Mountain Hardwear Kor Airshell Warm jacket -Comfortable, Stretchy and Warm
Mountain Hardwear Kor Airshell Warm jacket – Stretchy and Warm
Designed for fall or spring days, the Mountain Hardwear Kor Airshell Warm jacket has all the features you’d expect from a hybrid jacket: stretchy fabric, insulation, and mobility.
Mountain Hardwear Kor Airshell Warm jacket review
For me, what makes the aptly named Kor Airshell Warm stand out from other hybrid jackets is that its warmth (and it is surprisingly warm, thanks to its Teijin Octa Airmesh lining) is distributed evenly, so there are no cold spots when I’m wearing it.
Whether I’m cross country skiing (I wear it on the colder days because of the amount of warmth it provides), walking the dog, or just going around town, the surprisingly lightweight Kor Airshell Warm does exactly as its name says it does: it keeps me warm.
While this is a great all-around jacket, specific activities I’d recommend this for are hiking and cycling; aerobic activities where extra warmth and protection from the wind are needed, and changing layers to suit conditions is impractical.
Constructed from durable Pertex Quantum Air 20D Stretch Ripstop recycled fabric, the jacket material is soft and breathable.
• Adjustable (!) hood with rear halo cinch
• Full-length two-way center front zip
• Raglan sleeve construction and underarm gussets for
freedom of movement.
With two zip chest pockets, an internal mesh pocket, and two hand pockets, the
Kor Airshell Warm has more pockets than any other hybrid jacket I’ve worn previously.
One notable feature is the bungee clips inside the hand pockets. While I really like the concept, the clips need to be a tad larger to accommodate my keys or glove liners with attachments.
The Kor Airshell Warm moves with you and provides the right amount of coverage and warmth so that you are focused on the task at hand, not your jacket.
The well-designed fit of the jacket was flattering and not too bulky or skintight; but when you consider what it was designed for (single layer aerobic activities where it is an inconvenience to constantly be switching out layers), it makes sense.
In keeping up with industry color trends, Mountain Hardwear is using colors that appear differently in certain lights. Is the jacket grey? Is the jacket green? Is the jacket blackish? The official color name of my jacket is Black Spruce. Which, in a way, makes sense. Depending on the light, it could appear as any one of those colors.
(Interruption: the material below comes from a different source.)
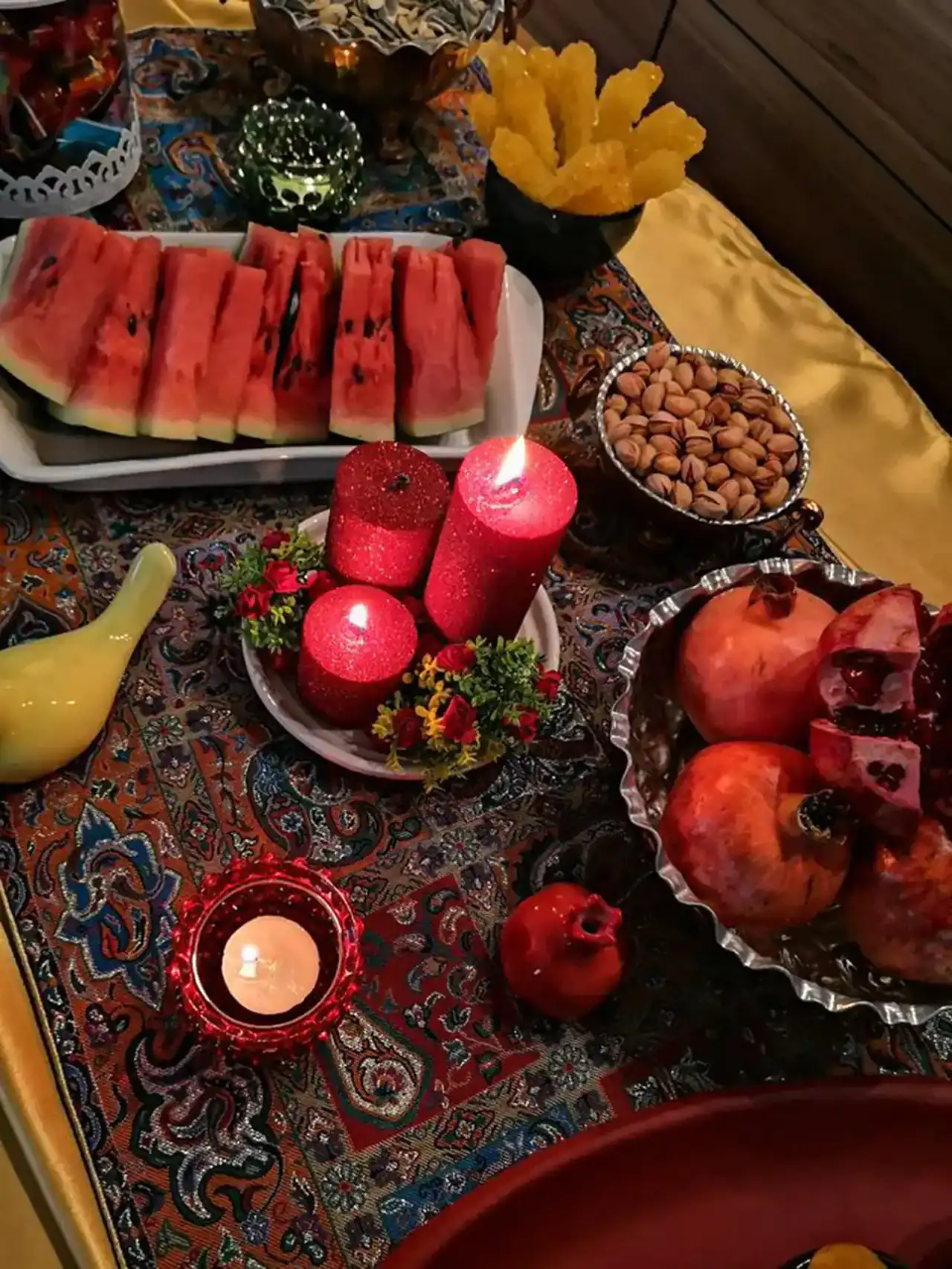 تزیین شب یلدا + زیباترین دیزاین و تزیین برای شب یلدا امسال بسیار شیک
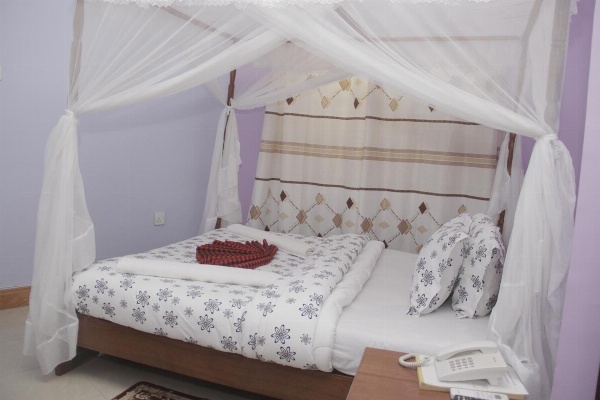 Arusha Giraffe Lodge image 1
I’m pretty basic in that I prefer colors that don’t require interpretation. If pants are dark purple, don’t call them Raven, call them dark purple. That way, I have an idea of exactly what to expect when the product arrives. I believe I’m in the minority on this, as other feedback I’ve received is that the gray/green/black color looks modern and exciting.
Overall, I really liked Mountain Hardwear’s Kor Airshell Warm for its fit and function. For me, it stands out among others for its ability to evenly distribute warmth.